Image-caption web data

#####

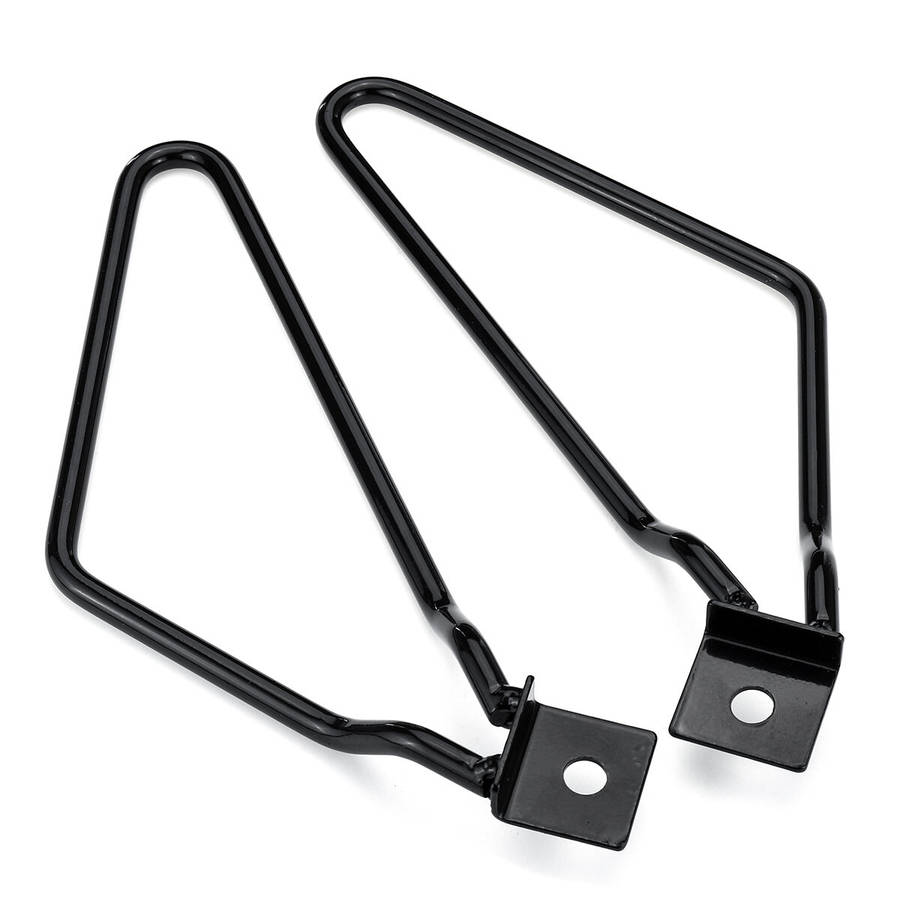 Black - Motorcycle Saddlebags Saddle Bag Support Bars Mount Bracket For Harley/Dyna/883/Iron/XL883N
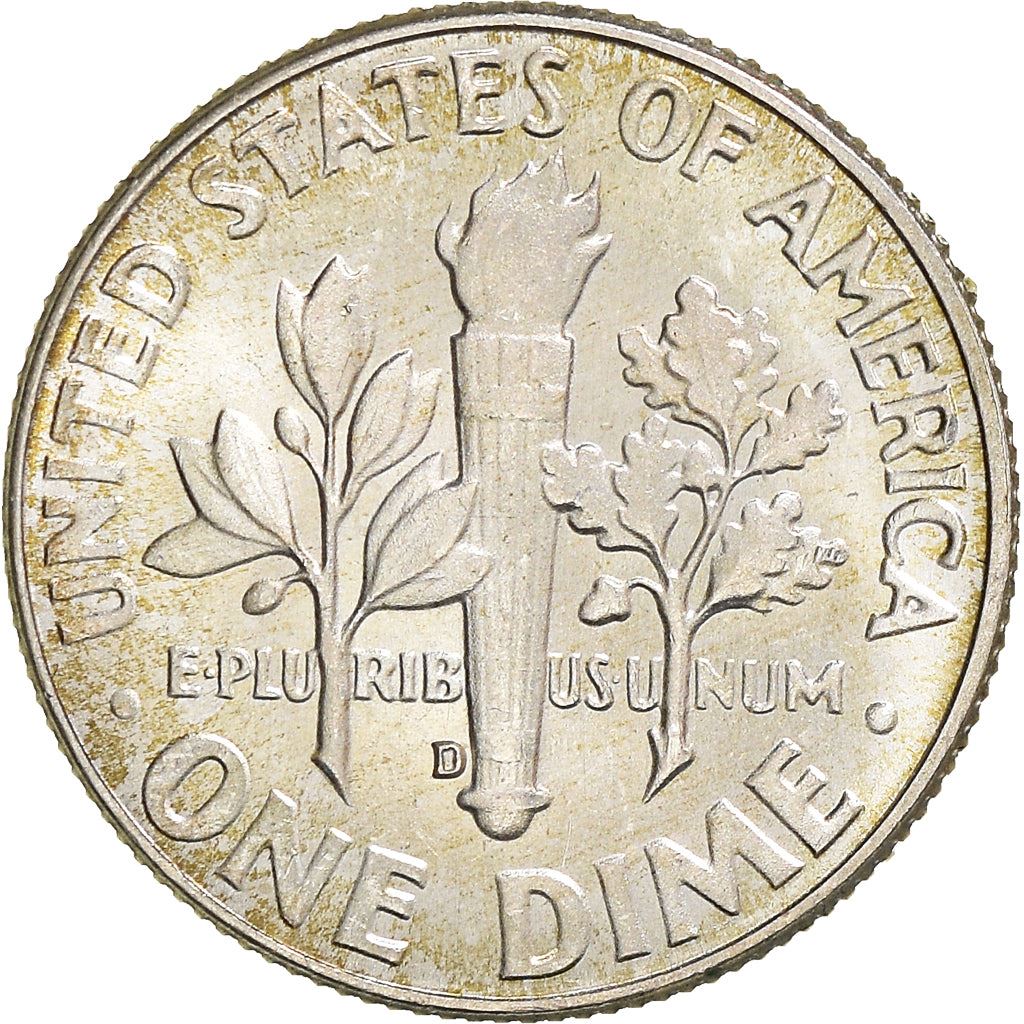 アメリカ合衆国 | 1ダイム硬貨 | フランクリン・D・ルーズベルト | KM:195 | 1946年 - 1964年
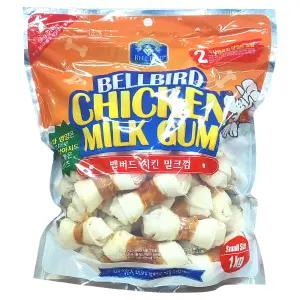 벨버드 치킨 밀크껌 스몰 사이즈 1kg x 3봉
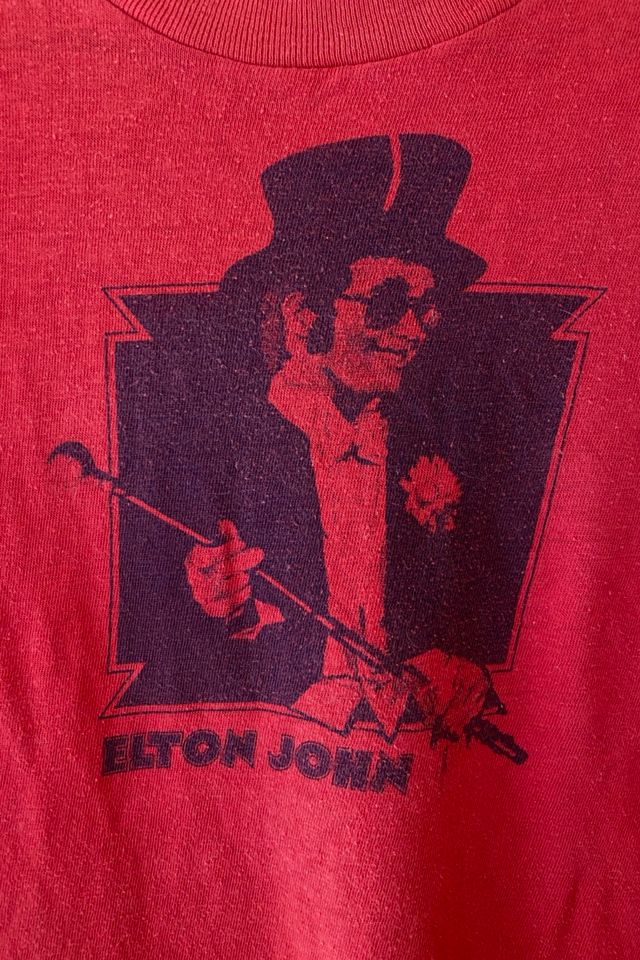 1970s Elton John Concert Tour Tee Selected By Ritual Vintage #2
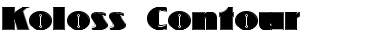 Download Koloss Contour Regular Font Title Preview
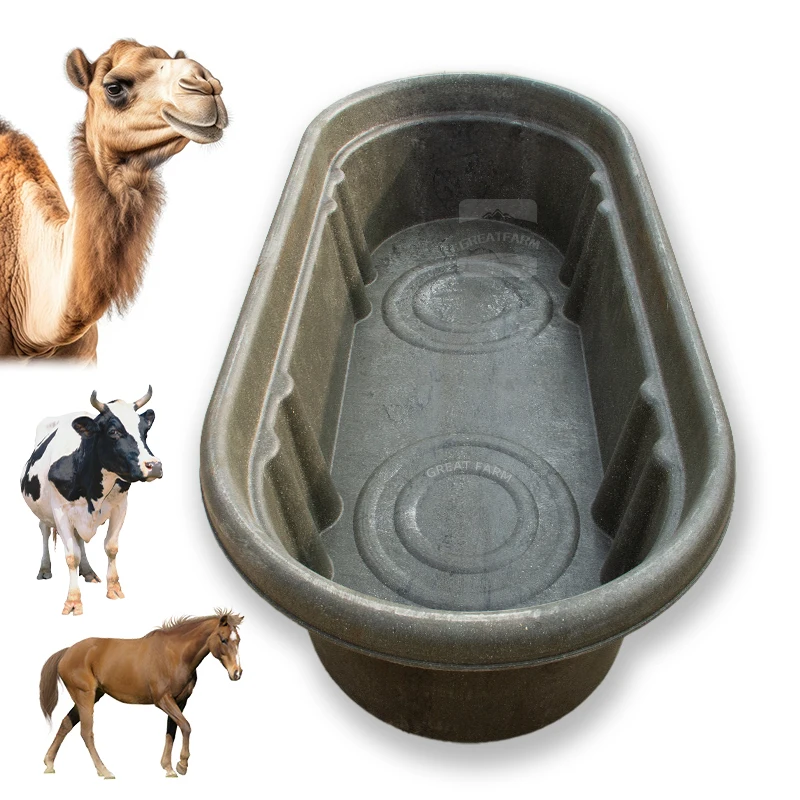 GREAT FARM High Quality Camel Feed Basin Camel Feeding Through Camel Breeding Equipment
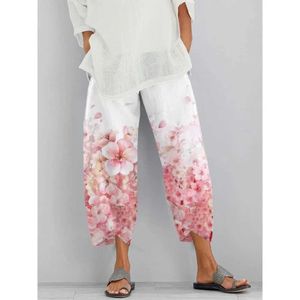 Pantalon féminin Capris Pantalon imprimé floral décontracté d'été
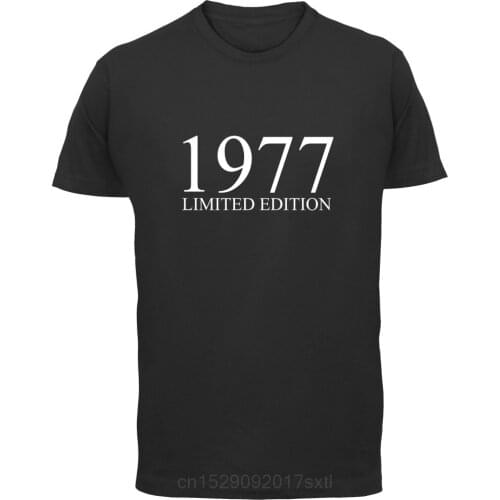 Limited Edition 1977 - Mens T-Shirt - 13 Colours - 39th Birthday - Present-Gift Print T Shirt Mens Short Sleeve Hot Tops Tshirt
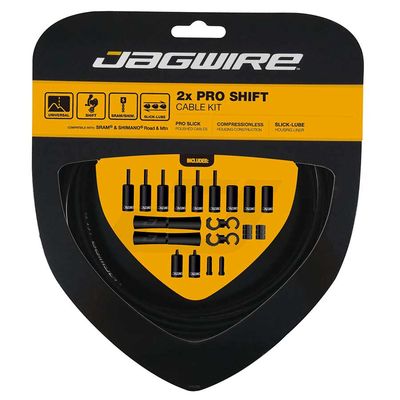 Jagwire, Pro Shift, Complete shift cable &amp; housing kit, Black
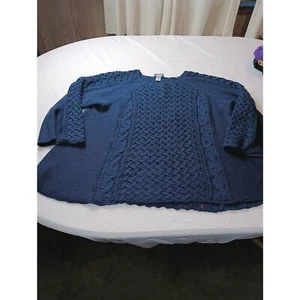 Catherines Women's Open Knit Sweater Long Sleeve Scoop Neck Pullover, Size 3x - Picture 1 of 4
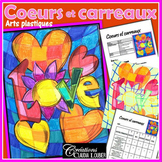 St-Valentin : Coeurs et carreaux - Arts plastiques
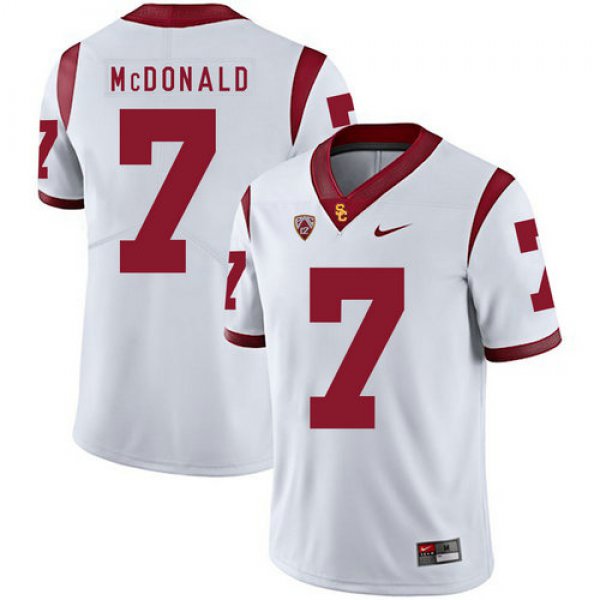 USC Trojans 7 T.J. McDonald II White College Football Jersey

#####

Could the entries be output exactly as written, but without their images?

 Black - Motorcycle Saddlebags Saddle Bag Support Bars Mount Bracket For Harley/Dyna/883/Iron/XL883N
 アメリカ合衆国 | 1ダイム硬貨 | フランクリン・D・ルーズベルト | KM:195 | 1946年 - 1964年
 벨버드 치킨 밀크껌 스몰 사이즈 1kg x 3봉
 1970s Elton John Concert Tour Tee Selected By Ritual Vintage #2
 Download Koloss Contour Regular Font Title Preview
 GREAT FARM High Quality Camel Feed Basin Camel Feeding Through Camel Breeding Equipment
 Pantalon féminin Capris Pantalon imprimé floral décontracté d'été
 Limited Edition 1977 - Mens T-Shirt - 13 Colours - 39th Birthday - Present-Gift Print T Shirt Mens Short Sleeve Hot Tops Tshirt
 Jagwire, Pro Shift, Complete shift cable &amp; housing kit, Black
 Catherines Women's Open Knit Sweater Long Sleeve Scoop Neck Pullover, Size 3x - Picture 1 of 4
 St-Valentin : Coeurs et carreaux - Arts plastiques
 USC Trojans 7 T.J. McDonald II White College Football Jersey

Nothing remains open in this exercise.